Setelah melakukan pengejaran selama dua hari, Satuan Reskrim Polres Solok Kota akhirnya mengamankan seorang wanita pelaku pencurian dengan kekerasan (curas) yang dilakukan terhadap korban dengan cara memukul kepala korban dengan besi penyangga pintu, lalu pelaku mengambil barang-barang milik korban.

Pelaku an. Apriyanti Als Adek, ditangkap Tim Gabungan Polsek Singkarak dan Sat Reskrim Polres Solok Kota pada hari Minggu, 16 Juni 2019 sekira pukul 14.00 WIB di Tanah Kareh Gurun Panjang Kec. Bayang Kab. Pesisir, Kab. Pesisir Selatan.

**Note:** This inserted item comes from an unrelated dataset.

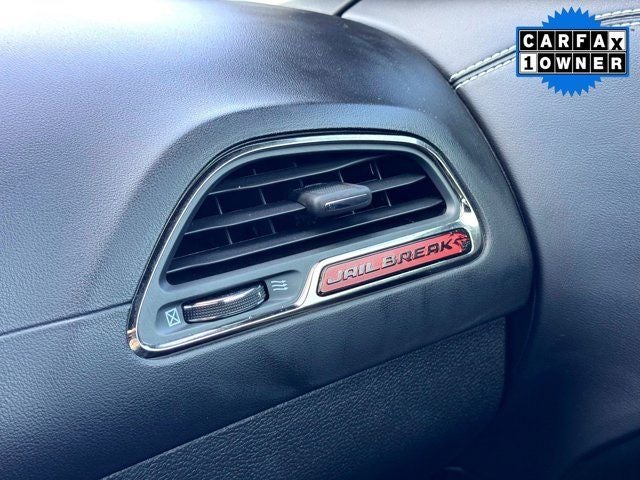 2023 Dodge Challenger SRT Hellcat Widebody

Kapolres Solok Kota AKBP Dony Setiawan S.Ik.,M.H., melalui Kasat Reskrim IPTU Defianto S.H. menceritakan bahwa pencurian dengan kekerasan tersebut terjadi pada hari Kamis, tanggal 13 Juni 2019 sekira pukul 17.00 WIB di dalam kedai milik korban Eva Surya yang beralamat di Jorong Kasiak Kenag. Koto Sani Kec. X Koto Singkarak Kab. Solok.

Saat itu, tersangka Apriyanti yang sudah 6 bulan menumpang hidup di rumah korban Eva memberitahu korban bahwa tabung gas elpiji di dapur sedang rusak. Mendengar hal tersebut, korban langsung memeriksa tabung gas dengan posisi membungkuk. Pada saat korban membungkuk, tiba tiba tersangka memukul kepala korban bagian belakang dgn 1 batang besi penyangga pintu dari arah belakang.

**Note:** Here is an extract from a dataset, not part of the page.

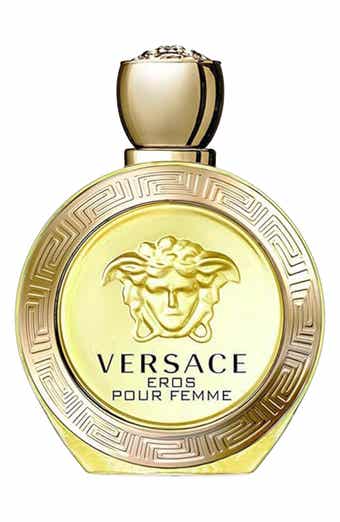 Versace Eros Pour Femme Eau de Toilette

Penyangga Pintu Dari Besi Yang Digunakan Pelaku Untuk Memukul Korban
Penyangga Pintu Dari Besi Yang Digunakan Pelaku Untuk Memukul Korban

Defrianto lanjut menerangkan bahwa akibat pukulan tersebut korban tidak sadarkan diri, lalu tersangka mengambil perhiasan emas yang saat kejadian dipakai oleh korban, 1 unit HP merek Samsung lipat warna putih milik korban dan uang Rp. 120.000,- dari dalam tas korban. Setelah melakukan aksinya, pelaku langsung melarikan diri. Setelah beberapa saat kemudian, datang kedua org saksi membantu membawa korban ke Puskesmas Singakarak selanjutnya korban dirujuk ke RSU M. Natsir Solok.

Setelah mendapat informasi dari korban dan para saksi di TKP, tim gabungan langsung melakukan pengejaran terhadap pelaku sampai akhirnya pelaku dapat diamankan bersama barang bukti hasil kejahatannya.

Barang Bukti Hasil Kejahatan
Barang Bukti Hasil Kejahatan

Dari pelaku, dapat disita barang bukti berupa 1 unit HP merek Oppo warna hitam, 1 unit HP merek Nokia tipe 105 warna hijau, 1 unit HP merek Samsung warna putih ( lipat ), 3 buah cincin emas (20 gram), 1 buah gelang emas (12,5 gram), 1 buah kalung emas (8 gram), 1 pasang anting (1,25 gram). uang tunai hasil jual emas sebanyak Rp. 3.578.000 dan 1 batang besi dgn panjang lebih kurang 60 cm.

Saat dilakukan pemeriksaan, pelaku mengakui bahwa ia melakukan perbuatan  tersebut karena sakit hati dituduh oleh korban telah mengelapkan uang penjualan bensin dan juga  pelaku mengalami kesulitan ekonomi karena tidak punya uang untuk menafkahi 3 orang anaknya dari mantan suaminya.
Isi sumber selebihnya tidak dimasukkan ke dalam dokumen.